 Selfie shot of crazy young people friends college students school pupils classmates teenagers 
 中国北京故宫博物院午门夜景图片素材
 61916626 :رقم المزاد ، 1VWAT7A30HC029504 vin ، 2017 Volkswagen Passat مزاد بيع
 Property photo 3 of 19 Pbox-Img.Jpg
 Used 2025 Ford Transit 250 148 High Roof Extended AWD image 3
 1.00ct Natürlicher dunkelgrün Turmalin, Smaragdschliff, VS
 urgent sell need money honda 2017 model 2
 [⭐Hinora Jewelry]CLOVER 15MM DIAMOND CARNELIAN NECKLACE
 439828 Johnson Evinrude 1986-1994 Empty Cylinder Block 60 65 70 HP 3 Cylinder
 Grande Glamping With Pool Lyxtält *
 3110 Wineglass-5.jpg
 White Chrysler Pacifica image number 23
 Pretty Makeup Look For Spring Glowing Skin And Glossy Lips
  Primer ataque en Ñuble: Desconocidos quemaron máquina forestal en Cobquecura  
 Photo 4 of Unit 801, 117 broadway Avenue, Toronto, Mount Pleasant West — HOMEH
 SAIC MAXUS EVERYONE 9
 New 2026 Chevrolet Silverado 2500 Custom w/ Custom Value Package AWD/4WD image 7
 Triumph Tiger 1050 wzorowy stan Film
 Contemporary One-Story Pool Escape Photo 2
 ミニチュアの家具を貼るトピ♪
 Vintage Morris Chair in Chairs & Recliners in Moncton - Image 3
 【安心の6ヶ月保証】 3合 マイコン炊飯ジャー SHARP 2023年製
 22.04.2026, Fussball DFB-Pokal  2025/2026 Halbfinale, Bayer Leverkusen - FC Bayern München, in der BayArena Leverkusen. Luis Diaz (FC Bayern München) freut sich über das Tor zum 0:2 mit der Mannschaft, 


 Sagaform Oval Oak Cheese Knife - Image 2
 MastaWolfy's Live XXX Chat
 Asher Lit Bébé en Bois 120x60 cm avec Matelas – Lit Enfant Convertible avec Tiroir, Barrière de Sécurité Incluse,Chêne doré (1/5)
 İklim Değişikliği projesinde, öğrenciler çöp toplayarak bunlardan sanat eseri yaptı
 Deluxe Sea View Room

• **Task statement**
Counting the line that contains "İklim Değişikliği projesinde, öğrenciler" as the first, copy exactly every line through the end of the records, and nothing else.

• **Solution for this exercise**
 İklim Değişikliği projesinde, öğrenciler çöp toplayarak bunlardan sanat eseri yaptı
 Deluxe Sea View Room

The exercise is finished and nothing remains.